> _Task objective_
Copy the listing below letter for letter, passing over each picture.
(Data below Opens)
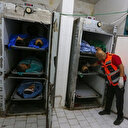 Palestine: tirs et frappes meurtriers de l’armée israélienne, sept Palestiniens tués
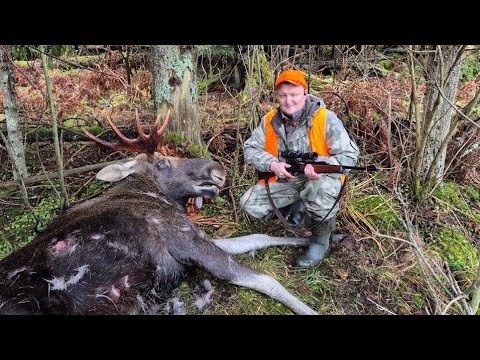 Видео: ЗАГОННАЯ ОХОТА НА ЛОСЯ В ПОДМОСКОВЬЕ. В ПЕРВОМ ЗАГОНЕ 5 ЛОСЕЙ , ВО ВТОРОМ ЧУТЬ НЕ ЗАТОПТАЛИ ) 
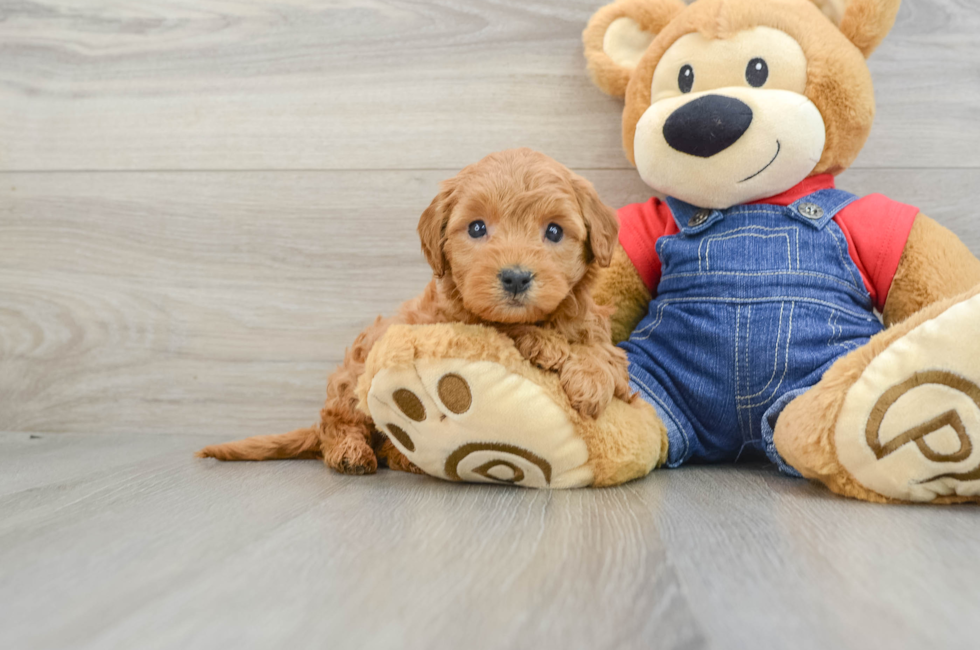 6 week old Mini Goldendoodle Puppy For Sale - Premier Pups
(Data below Closes)
> _Response area_
 Palestine: tirs et frappes meurtriers de l’armée israélienne, sept Palestiniens tués
 Видео: ЗАГОННАЯ ОХОТА НА ЛОСЯ В ПОДМОСКОВЬЕ. В ПЕРВОМ ЗАГОНЕ 5 ЛОСЕЙ , ВО ВТОРОМ ЧУТЬ НЕ ЗАТОПТАЛИ ) 
 6 week old Mini Goldendoodle Puppy For Sale - Premier Pups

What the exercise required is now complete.